I'm feeling in a blog rut... and I'm in a mood.
So this is what you get.
(And it's my blog, and I'll blog what I want to.)
A while back I lost a blog reader.
As in, someone told me they don’t read my blog anymore.
And that they hadn’t been reading for a number of months.
Who it is isn’t important to share here.
But who it is, and the fact that they don’t read here anymore, is important to me.
I think that the 'who it is' is what hurts me the most.

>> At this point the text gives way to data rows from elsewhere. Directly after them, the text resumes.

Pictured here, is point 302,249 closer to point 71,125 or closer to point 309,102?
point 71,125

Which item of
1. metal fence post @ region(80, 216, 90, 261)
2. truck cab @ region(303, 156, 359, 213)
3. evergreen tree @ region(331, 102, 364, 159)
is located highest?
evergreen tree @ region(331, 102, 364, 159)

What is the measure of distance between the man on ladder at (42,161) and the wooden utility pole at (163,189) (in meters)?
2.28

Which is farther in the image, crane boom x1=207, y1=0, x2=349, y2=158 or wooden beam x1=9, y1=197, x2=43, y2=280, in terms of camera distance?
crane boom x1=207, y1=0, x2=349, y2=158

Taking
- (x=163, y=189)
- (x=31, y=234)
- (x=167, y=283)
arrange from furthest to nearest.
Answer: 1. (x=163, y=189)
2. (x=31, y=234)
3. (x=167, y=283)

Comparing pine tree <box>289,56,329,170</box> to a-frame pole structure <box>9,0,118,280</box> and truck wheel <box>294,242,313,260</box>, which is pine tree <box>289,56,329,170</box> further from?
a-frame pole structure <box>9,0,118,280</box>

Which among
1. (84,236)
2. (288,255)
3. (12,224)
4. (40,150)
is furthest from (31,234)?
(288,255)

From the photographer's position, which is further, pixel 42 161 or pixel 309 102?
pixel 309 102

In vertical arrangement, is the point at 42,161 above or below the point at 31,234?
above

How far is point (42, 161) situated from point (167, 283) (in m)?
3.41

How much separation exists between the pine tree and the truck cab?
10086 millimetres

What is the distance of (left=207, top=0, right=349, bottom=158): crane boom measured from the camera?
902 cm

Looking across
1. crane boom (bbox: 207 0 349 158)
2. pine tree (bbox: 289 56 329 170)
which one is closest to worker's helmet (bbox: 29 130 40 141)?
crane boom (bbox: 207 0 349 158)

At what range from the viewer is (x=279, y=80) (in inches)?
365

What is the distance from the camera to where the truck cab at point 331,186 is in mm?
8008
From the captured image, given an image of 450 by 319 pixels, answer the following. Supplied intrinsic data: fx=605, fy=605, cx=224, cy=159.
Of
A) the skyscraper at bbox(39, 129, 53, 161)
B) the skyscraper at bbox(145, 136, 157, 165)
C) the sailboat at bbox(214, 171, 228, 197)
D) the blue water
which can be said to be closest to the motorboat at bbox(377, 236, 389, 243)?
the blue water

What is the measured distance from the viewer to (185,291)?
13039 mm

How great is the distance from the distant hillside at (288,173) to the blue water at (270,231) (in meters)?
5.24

But. We are all entitled to do as we please.
And I do respect that.
And I still love this person very much.
Whether they read here or not.
I wrote the body of this post while I was dealing with the whole ‘why is this blog so important to me that is hurts to know that this one particular person isn’t reading it anymore’. I debated posting it. I still wonder if I should or not. It's a little more than I typically share on here. But. I feel like sharing my feelings is ok.
I get my feelings hurt very easy. I get sad. Upset. Mad. Feel alone. Unappreciated.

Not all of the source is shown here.